Prompt: Write a code to encode all the columns in the dataset called train.csv. Use label encoding method.

To perform label encoding on all the categorical columns in a dataset, you can use the LabelEncoder from the sklearn.preprocessing module. Here's a code snippet that demonstrates how to do this for a CSV file named train.csv:

In [1]:
import pandas as pd
from sklearn.preprocessing import LabelEncoder

# Load the dataset
df = pd.read_csv('train.csv', sep=";")

# Initialize a label encoder for each categorical column
label_encoders = {}
for column in df.columns:
    if df[column].dtype == 'object':  # If the column is categorical
        label_encoders[column] = LabelEncoder()
        df[column] = label_encoders[column].fit_transform(df[column])

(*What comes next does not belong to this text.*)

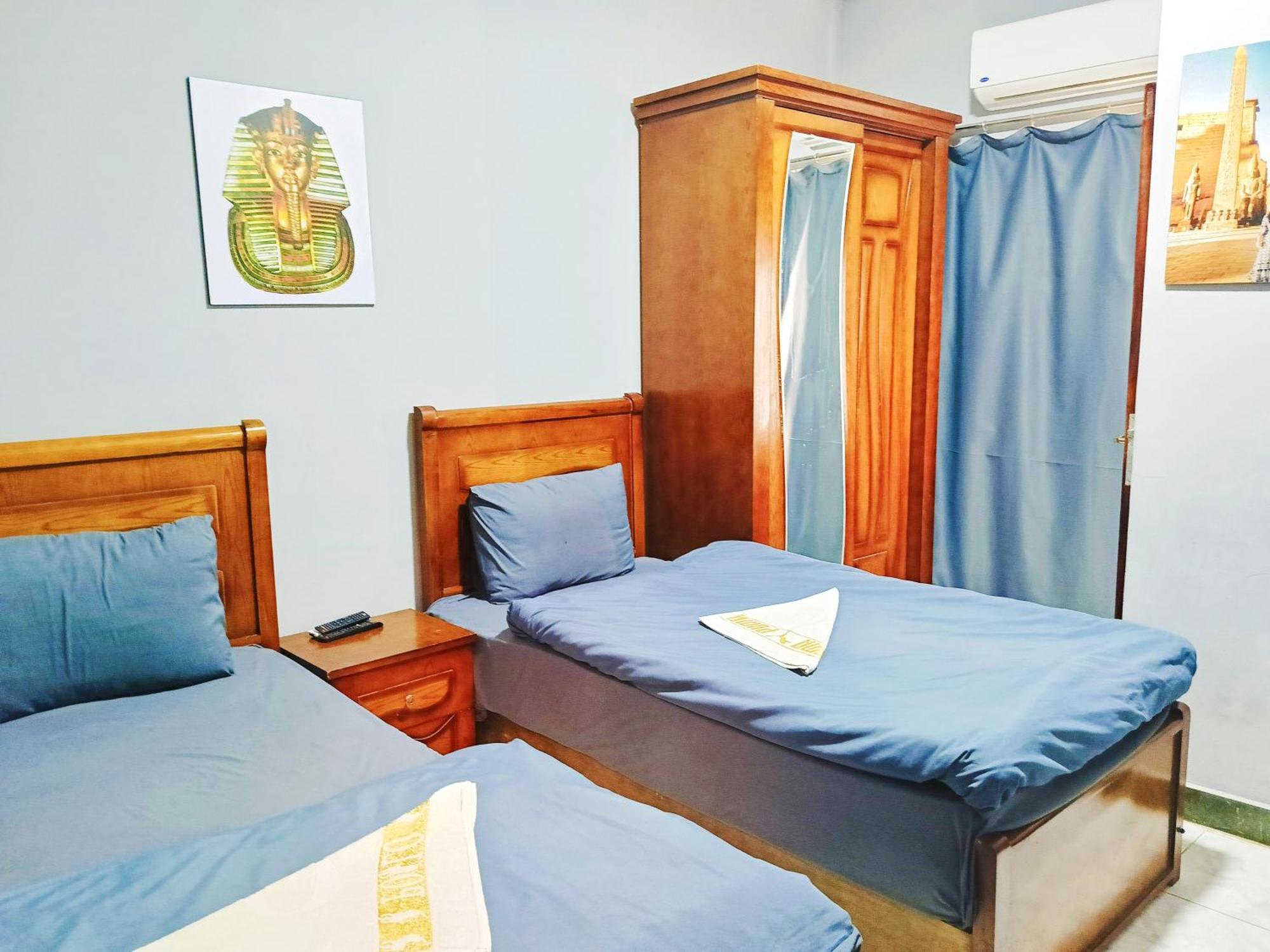 Magic Golden Pyramids View Hotel Kafret el-Gabal Екстериор снимка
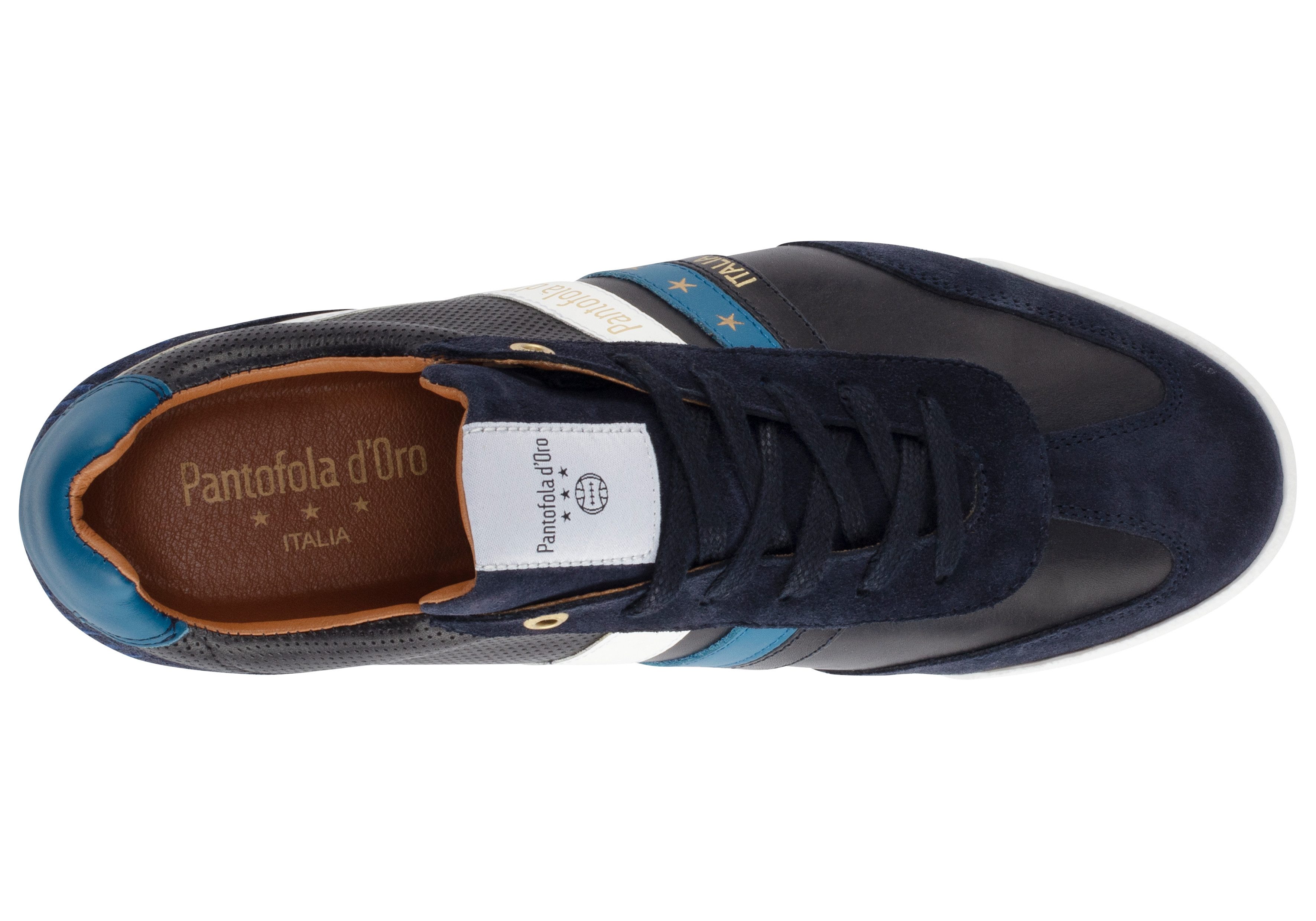 Pantofola d´Oro Sneakers Vasto Uomo Low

# Save the label encoded DataFrame to a new CSV file
df.to_csv('train_label_encoded.csv', index=False)

print("All categorical columns have been label encoded and saved to 'train_label_encoded.csv'.")



All categorical columns have been label encoded and saved to 'trainCSET_label_encoded.csv'.


This script reads your dataset from train.csv, iterates over all columns, checks if they are categorical (of object type), and applies label encoding to them. The encoded DataFrame is then saved back to a new CSV file called train_label_encoded.csv.

Remember that label encoding assigns a unique integer to each category within a column, which might not be appropriate for all machine learning models, especially those that assume numerical order unless the categorical data is ordinal. For nominal data, you might want to use one-hot encoding instead.